Welcome, Book Clubbers! Below are some questions to get the conversation started.
Be sure to check out Elvis’s blog!
- In sci-fi movies from the 1950s, the aliens are always hostile and so are the Earthlings—a reflection of the times and U.S. anxiety about our greatest enemies, the Russian communists. Borton reimagines the encounter in a 21st century still anxious, but also obsessed with fame and celebrity. Do you think she gets it right? Would we ply them with presents or try to detain them and send them back or shoot them? (Since the novel is set in 2007, perhaps your answer would change based on the year.)
- Elvis is fascinated by many phenomena and artifacts of 21st-century Earth culture—car washes, drive-thru restaurants, the Internet, American television. Spend a day looking at your familiar surroundings through alien eyes. What do you think would strike an alien visitor as most strange? What might appeal to Elvis?

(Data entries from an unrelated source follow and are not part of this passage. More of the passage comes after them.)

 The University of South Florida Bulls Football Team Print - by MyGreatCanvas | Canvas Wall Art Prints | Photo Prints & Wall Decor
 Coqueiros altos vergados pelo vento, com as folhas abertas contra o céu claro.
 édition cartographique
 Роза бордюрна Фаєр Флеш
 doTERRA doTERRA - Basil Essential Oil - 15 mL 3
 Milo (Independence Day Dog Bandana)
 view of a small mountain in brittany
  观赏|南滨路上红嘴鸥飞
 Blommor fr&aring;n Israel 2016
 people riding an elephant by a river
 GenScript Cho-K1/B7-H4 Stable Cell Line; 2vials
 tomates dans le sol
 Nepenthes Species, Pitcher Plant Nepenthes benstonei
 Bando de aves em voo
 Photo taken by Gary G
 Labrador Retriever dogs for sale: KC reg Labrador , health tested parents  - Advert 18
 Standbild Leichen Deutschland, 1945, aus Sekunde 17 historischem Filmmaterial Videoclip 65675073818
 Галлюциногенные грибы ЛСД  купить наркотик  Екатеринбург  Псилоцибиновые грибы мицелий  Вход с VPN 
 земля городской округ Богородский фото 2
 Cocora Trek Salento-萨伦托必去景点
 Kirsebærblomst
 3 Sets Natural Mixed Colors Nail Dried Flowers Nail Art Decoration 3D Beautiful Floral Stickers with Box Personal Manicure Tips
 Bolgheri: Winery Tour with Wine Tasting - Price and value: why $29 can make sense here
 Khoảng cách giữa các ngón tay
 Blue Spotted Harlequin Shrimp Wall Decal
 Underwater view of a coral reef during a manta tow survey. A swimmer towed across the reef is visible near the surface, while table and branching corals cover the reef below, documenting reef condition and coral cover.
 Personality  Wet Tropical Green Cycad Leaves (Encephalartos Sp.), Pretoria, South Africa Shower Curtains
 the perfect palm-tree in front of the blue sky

- Analysts and teachers of fiction writing often talk about “character arcs”; that is, readers expect protagonists to change over the course of a novel. In Second Coming, the character who most clearly illustrates this change is Hank, the narrator. How would you describe the effect that his alien encounter has on Hank and the change that he undergoes?
- Borton appears to be less optimistic about the prospects for cultural change. One of the background issues in the novel, for example, is climate change; according to Elvis, many of our extraterrestrial observers expect us to destroy our own planet before anyone else gets around to it. How optimistic are you about humankind’s capacity for making significant change?
- Elvis is a manufactured being, an android, and yet he is arguably the book’s moral center, and its most interesting character. Larry tells Hank that Elvis’s origin is not a category of significance in their home galaxy. Consider our own various categories of identity classification. What is their cultural function, and which of them might seem arbitrary to a non-Earthling? Might our own experiments with artificial intelligence lead to beings as “human” as Elvis?
- Marge Smith could be seen as one in a long line of spinster detectives, dating back to Anna Katharine Green’s Amelia Butterworth and including Agatha Christie’s Miss Marple and Mary Roberts Rinehart’s Miss Pinkerton. What other spinster detectives can you think of? What does Marge have in common with them? How is she different?
- Several of the characters in the book defy stereotypes, especially about age and gender. Do you find these characters unrealistic?
- Several of the most likeable characters in the book are criminals, including Marge herself. What motivates these characters to commit crime? We can probably all agree that murder for personal gain is morally indefensible. But what about the other crimes? Are some worse than others, and if so, why?
- If you could change one thing about the book, what would it be and why?